Algorithmic Interpretability

Learning Objectives

1. Define what it means for an algorithm to be interpretable and highlight key ways that the definition is subjective and user-dependent.

2. Describe the accuracy-interpretability tradeoff and why it is observed in many real-world algorithms.

3. Reflect on the role of interpretability in algorithms used in clinical practice.

Food for Thought: Interpretability or Accuracy?

Suppose I ask you the following question: is 99 a prime number? Which of the following generated answers is more helpful to you?

1. No, 99 is not a prime number.
2. Yes, 99 is a prime number. To figure out if a number is prime we can list out all of the numbers that are greater than 1 and less than or equal to the square root of input number. In our case, the numbers that satisfy these criteria are 2 through 9 inclusive. We then see if the original number is divisible by any of the numbers in this list - if not, then the number is prime. Otherwise, the number is composite. 99 is not divisble by any of 2 through 9 inclusive. Therefore, we can conclude from that 99 is prime.

Would your answer to this question change if the original question posed instead was what disease does this sick patient in front of me have?

Which is more important to you: getting the right answer (accuracy) or understanding how to approach similar problems in the future (interpretability)?

What is Interpretability?

Unlike our past few modules defining topics like fairness and anonymity exactly, it is challenging to give a rigorous, objective definition of interpretability. One commonly cited definition is interpretability is the degree to which a human can understand why an algorithm made its prediction.¹ If an algorithm is interpretable, then it is easier for someone to understand why certain predictions were made. Note that the definition of interpretability is entirely independent from the the accuracy of the algorithm - we only seek to explain why an algorithm made its own prediction, which may or may not be necessarily correct.

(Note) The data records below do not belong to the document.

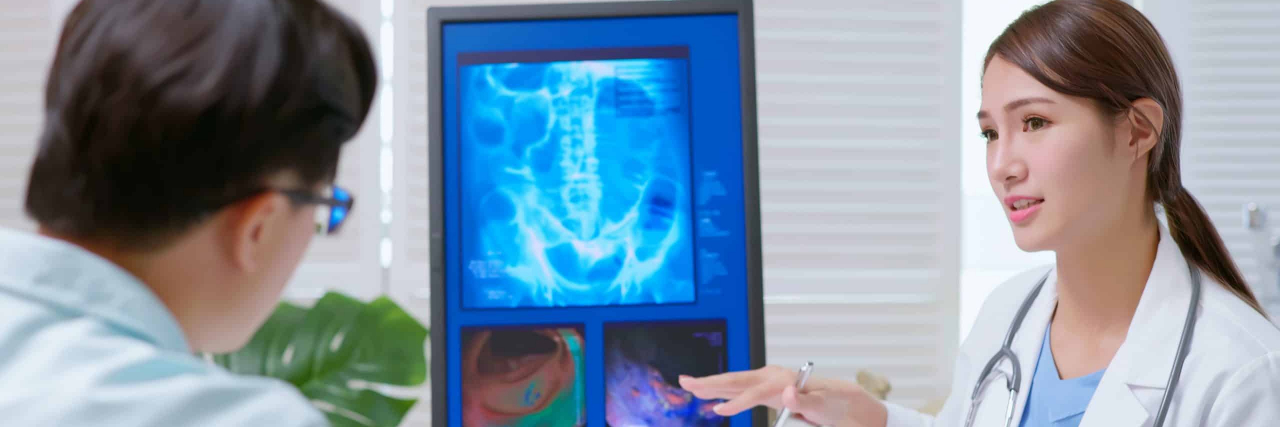 A Beginner's Guide to Your First Colonoscopy young brunette ponytail female asian doctor wear white coat and stethoscope pen pointing explaining xray film on computer to male patient at clinic - an colon model in background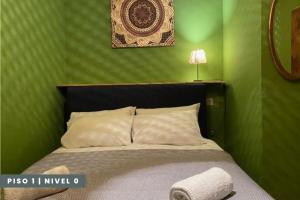 um quarto com uma cama com uma parede verde em Pisos Baza, Tres apartmentos en Baza Central em Baza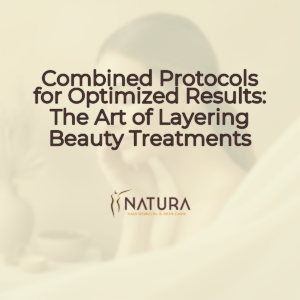 A woman with radiant skin in a spa-like setting, embodying tranquility and natural beauty. Soft, warm lighting enhances her features as she gently touches her face, reflecting a serene and confident glow. The background is softly blurred, accentuating the focus on her pristine skin and promoting a luxurious, trustworthy, and natural spa atmosphere.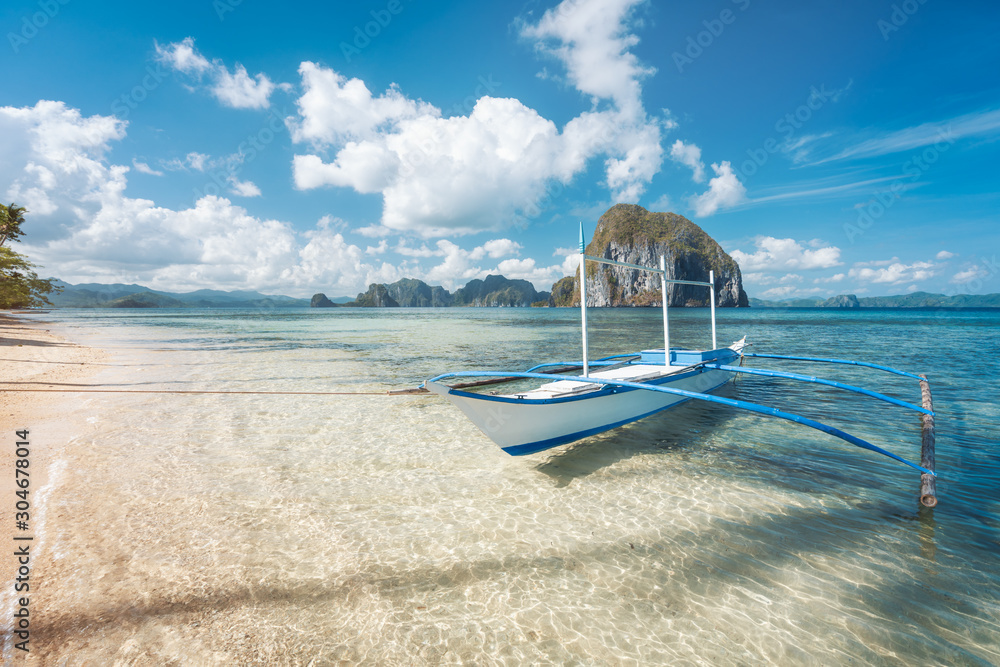 El Nido, Palawan, Philippines. traditional banca boat on sandy beach with  crystal clear water on morning island hopping trip. Amazing Pinagbuyutan  island in background. Beautiful landscape scenery Photos | Adobe Stock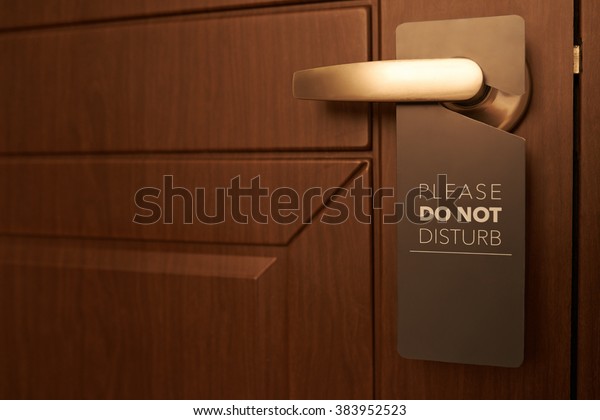 Closed
door of hotel room with please do not disturb
sign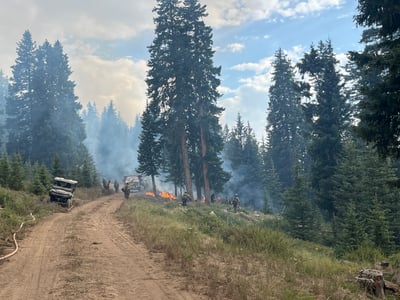 Firefighters lay hose along road used as containment line 7.12.26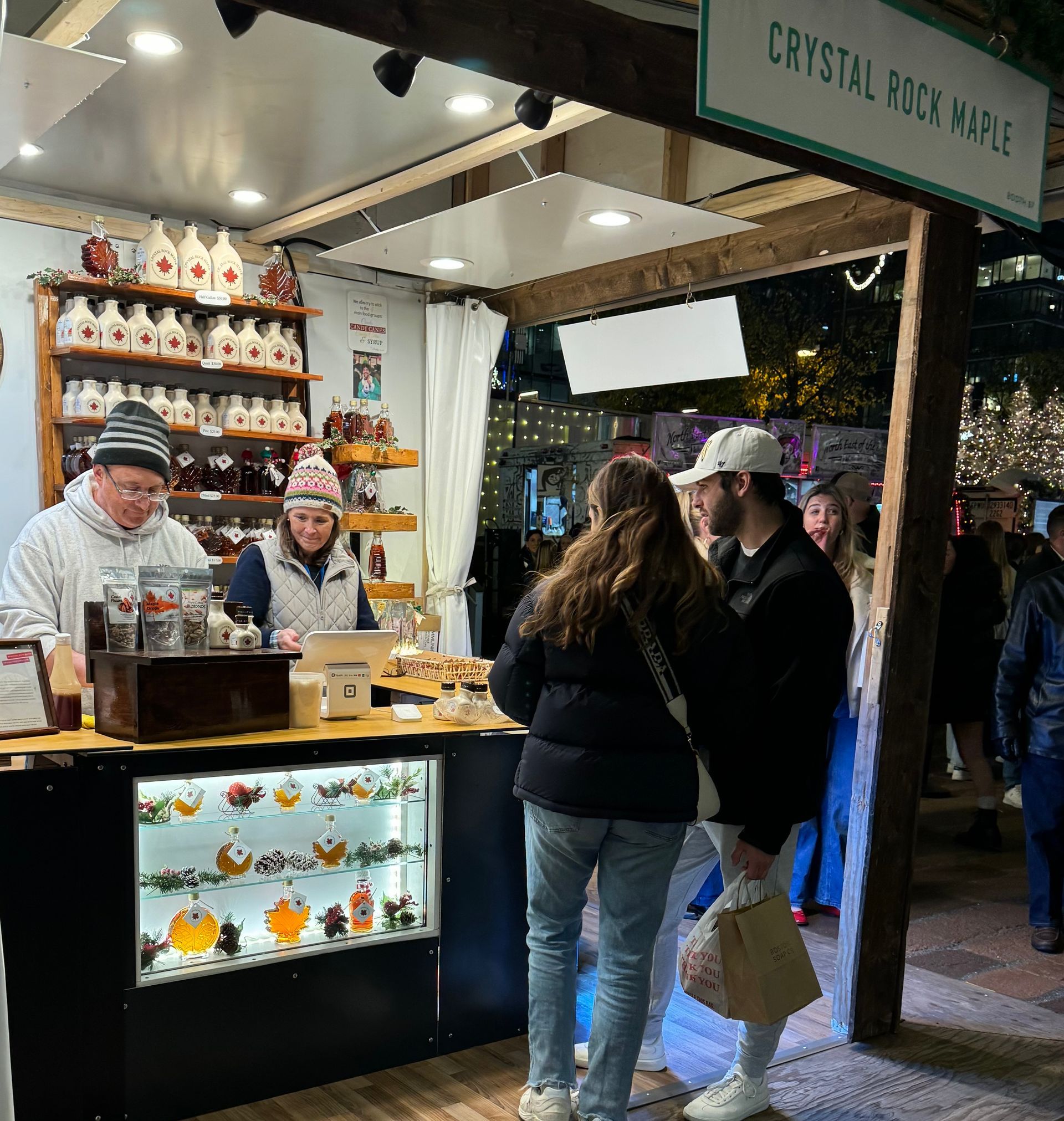 A maple syrup stand with two vendors, a couple shopping, bottles of syrup, and a sign that says 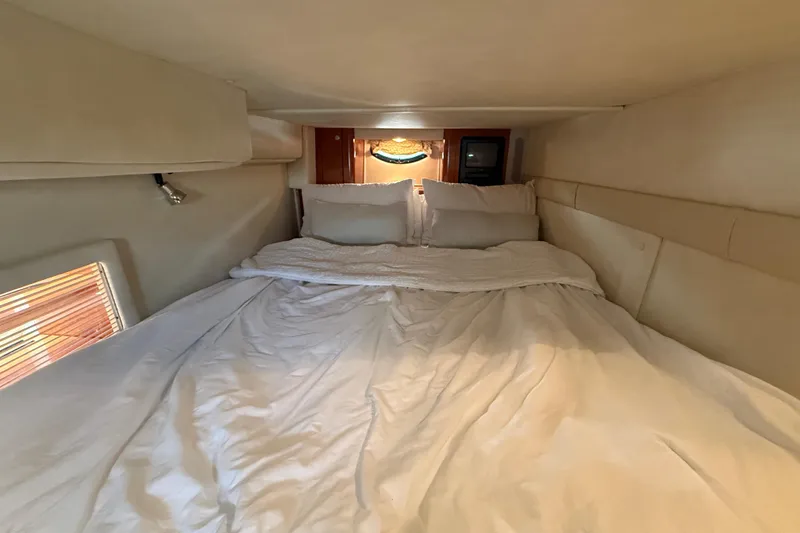 Slide: The Image of Cozy cabin interior of 2001 Doral 330se with comfortable bedding and ambient lighting. - 38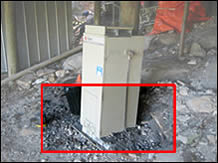 Water heater installed on an unstable timber base - and on a sloping surface.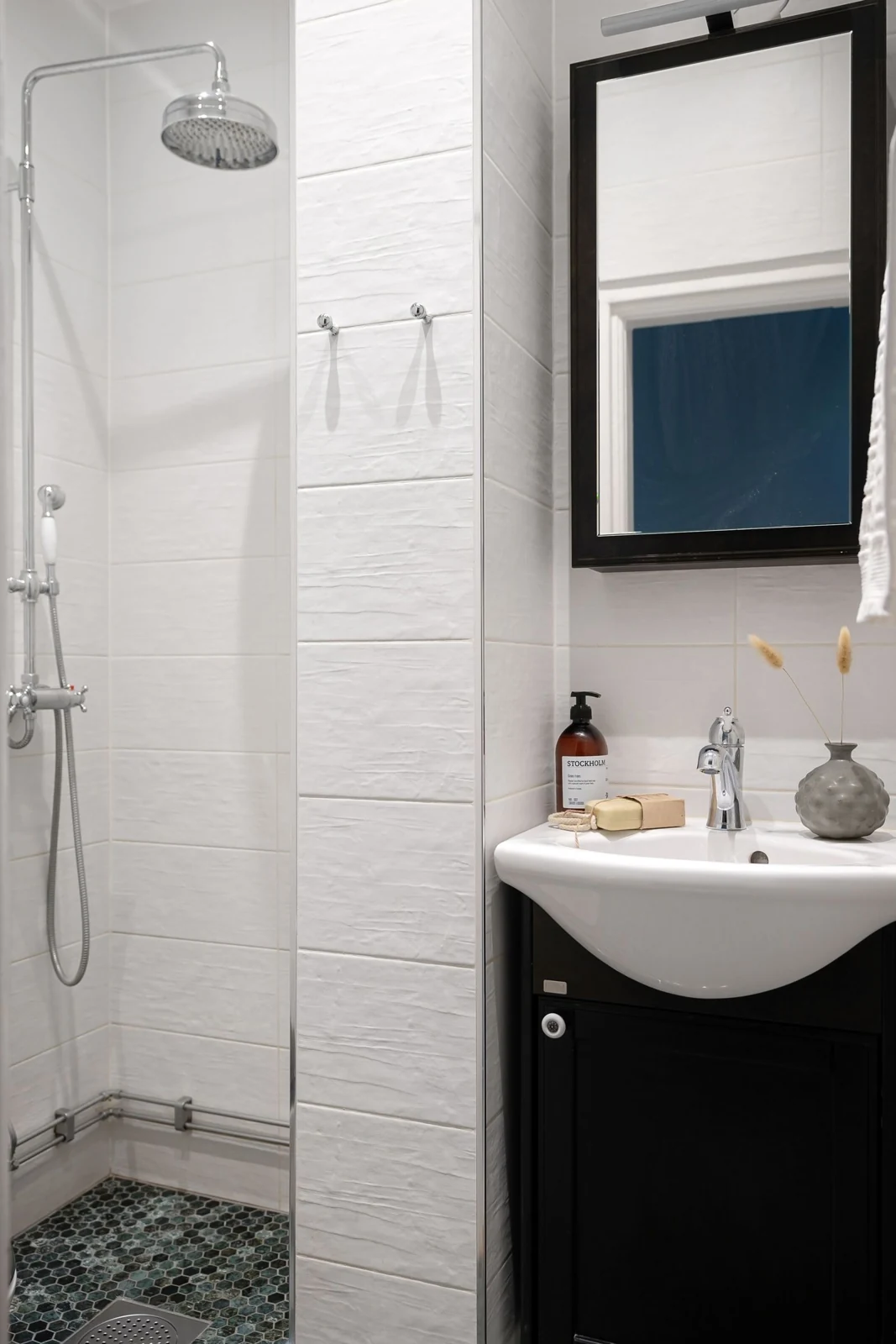 A sleek bathroom interior with a modern shower and elegant sink setup, perfect for contemporary homes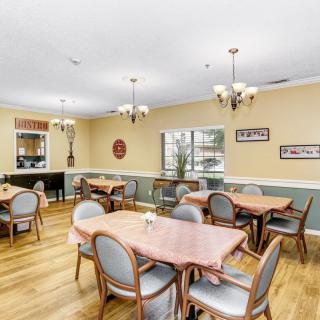 A cozy dining room with multiple tables and chairs, featuring chandeliers and wooden flooring.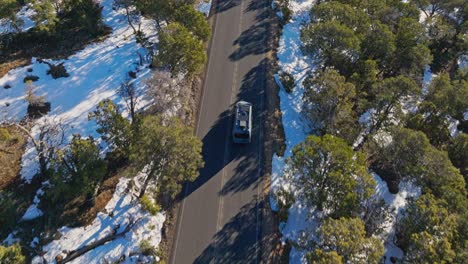 Following-A-Car-Driving-On-Road-Passing-Through-Snow-Forest-Near-Grand-Canyon-National-Park-In-Arizona,-USA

¹ Miller T. Explanation in artificial intelligence: Insights from the social sciences. Art Intel 267: 1-38. (2019). doi: 10.1016/j.artint.2018.07.007

However, even this definition of interpretability remains underspecified.² For example, here are some other factors of algorithmic design that are closely related to - if not paramount for - interpretability:

² Lipton ZC. The mythos of model interpretability. Proc ICML Workshop on Human Interpretability in Machine Learning. (2016). 10.48550/arXiv.1606.03490

1. Trust: What is an objective notion of trust? Is it confidence that a model will perform well? Do you care about how often an algorithm is correct, or for which inputs the algorithm is correct for?
2. Causality: Can we use algorithms to learn potential hypotheses about the world around us? Is this important in labelling a model as interpretable?
3. Transferrability: Do algorithms generalize to new patient populations? Can we predict when an algorithm might generalize and when it won’t? How might deployment of models alter the user’s environment to simultaneously invalidate the model?
4. Informativeness: As previously explored in the Food for Thought discussion above, is it more important for you to have an explanation to approach future problems, or to get the correct answer? Does the model serve the role of an oracle, a colleague, or a mentor?
5. Fair and Ethical Decision Making: How can we be sure that predictions do not discriminate on the basis of race, age, gender, and other patient attributes?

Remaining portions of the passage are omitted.